It has often been tempting, but never a safe wager, to predict the demise of Donald Trump.
He lost the presidency and both houses of Congress, and was impeached for high crimes and misdemeanors twice. He's being investigated in New York for business fraud, and in Georgia for election fraud. He's being probed by the House's Jan. 6 select committee - and one would hope, ultimately by the Justice Department - for whipping up a riot and attempting a self-coup.
Yet somehow he's managed to survive, legally, financially and politically. Indeed, astonishingly, he remains far and away the leading candidate for the Republican presidential nomination in 2024.
But maybe, just maybe, this time will be different.
On Thursday, a judge in New York ordered Trump, along with his daughter Ivanka and his son Donald Jr., to testify within 21 days at civil depositions in the New York attorney general's investigation of potential fraud at the Trump Organization. The judge's opinion brutally rejected Trump's arguments for blocking the depositions: It would have been "blatant dereliction of duty" for the attorney general not to take the testimony, the judge explained, because prosecutors have unearthed "copious evidence of possible financial fraud" in Trump's business.
That evidence includes a letter that may turn out to be, as a practical matter, the biggest blow Trump has ever suffered, even bigger than his six corporate bankruptcies and two presidential impeachments. A blow dealt not by prosecutors, plaintiffs, politicos or the press - but by his own longtime accountants.
As the judge noted, and as revealed in court papers filed on Monday by the attorney general, Trump's accounting firm, Mazars, sent a letter on Feb. 9 to the Trump Organization terminating its relationship with Trump. The letter was astounding in many respects.

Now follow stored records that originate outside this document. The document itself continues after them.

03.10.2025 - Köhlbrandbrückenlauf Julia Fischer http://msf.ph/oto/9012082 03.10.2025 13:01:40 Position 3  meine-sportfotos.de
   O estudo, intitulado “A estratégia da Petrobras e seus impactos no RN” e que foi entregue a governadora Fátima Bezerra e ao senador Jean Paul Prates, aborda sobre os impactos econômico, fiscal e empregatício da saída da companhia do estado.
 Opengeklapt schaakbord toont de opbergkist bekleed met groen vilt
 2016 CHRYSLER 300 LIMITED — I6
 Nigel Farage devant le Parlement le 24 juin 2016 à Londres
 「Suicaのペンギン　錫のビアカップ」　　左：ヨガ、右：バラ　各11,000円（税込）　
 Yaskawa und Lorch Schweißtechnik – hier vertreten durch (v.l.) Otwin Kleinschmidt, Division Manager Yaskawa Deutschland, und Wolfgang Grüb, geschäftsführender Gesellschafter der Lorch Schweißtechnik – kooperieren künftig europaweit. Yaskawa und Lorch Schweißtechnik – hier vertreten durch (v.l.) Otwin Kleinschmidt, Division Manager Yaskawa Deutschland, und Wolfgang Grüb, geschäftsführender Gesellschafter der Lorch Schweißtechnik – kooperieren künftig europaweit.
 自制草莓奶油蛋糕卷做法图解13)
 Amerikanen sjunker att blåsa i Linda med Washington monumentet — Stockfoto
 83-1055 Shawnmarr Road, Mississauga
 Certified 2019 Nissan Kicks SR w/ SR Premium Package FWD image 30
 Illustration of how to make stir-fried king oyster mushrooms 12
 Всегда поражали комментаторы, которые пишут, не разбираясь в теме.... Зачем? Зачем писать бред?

Mazars said that 10 years of Trump's financial statements, from 2011 to 2020, "should no longer be relied upon," and that Trump should tell that to the people he gave them to. The accountants explained that they reached this conclusion based upon court filings previously made by the New York attorney general, as well as the accountants' own investigation and other sources.
And then they quit. Under the "totality of the circumstances," Mazars wrote, "we have also reached the point such that there is a non-waivable conflict of interest with the Trump Organization. As a result, we are not able to provide any new work product to the Trump Organization." Oh, and by the way, Donald and Melania's tax returns are due in four business days - but, hey, we promise "to facilitate a smooth transition to your new tax preparers." Best regards, Mazars.
Translated from legal-accountingese, the letter was an unmitigated disaster for Trump, far beyond his possibly having to file late returns. By saying the statements "should no longer be relied upon," the accountants effectively announced, You misled us. By "totality of the circumstances," they likely meant, The prosecutors investigating you, and the case they're making, are serious.
By pronouncing "a non-waivable conflict of interest," they were all but saying, We're on team A.G. - or we might have to join someday soon. And by saying no "new work product" and quitting, they essentially declared, We don't trust you - and we're certainly not going to jail for you.
All this could threaten Trump's livelihood - his all-important mogulhood - in a way no setback ever has before. Even a guilty verdict in a Senate impeachment trial would have affected only his entitlement to temporary government housing. And when he ran into financial trouble in the 1980s and '90s, he had legions of lawyers and accountants to help him work things out with the banks and the courts.
Now the man who long has had trouble finding decent legal representation may find it all but impossible to find new auditors and tax preparers. It's hard to imagine that any reputable accounting firm will touch his tax returns, let alone fix and bless his financials for a decade or more.
Even if lenders don't exercise any rights they may have to call in their loans, Trump apparently still needs to refinance hundreds of millions' worth of them soon. As Trump biographer Timothy L. O'Brien of Bloomberg Opinion puts it, "good luck refinancing your debt when the accountants" - who have just declared a decade of your financials utterly worthless - have "just walked out the door."
So Trump would face a heap of problems even if the New York attorney general (and the Manhattan district attorney she's working with) closed up shop tomorrow. No wonder Trump's son Eric was all but crying when he mentioned the prosecutors this week on Fox News.
But as Thursday's ruling makes clear, the prosecutors aren't going away anytime soon. And in 21 days, absent some relief from a higher court, Trump will face a profound conundrum at his deposition.
Will he testify and (assuming he's even capable of it) tell the truth, and possibly implicate himself in crimes? Or will he provably lie under oath, and virtually guarantee himself an indictment for perjury?
Or will he do the sensible thing - plead his Fifth Amendment right against self-incrimination hundreds of times, as Eric Trump and the company's finance chief, Allen Weisselberg, already have done - and face the political embarrassment (and, in civil litigation, the negative inferences) that would entail? In court Thursday, Trump's lawyer said that he was advising his client to do precisely that.
Stay tuned. Could this be, at long last, the beginning of the end for Trump?
As always, don't bet on it - but this time, don't be surprised if it is.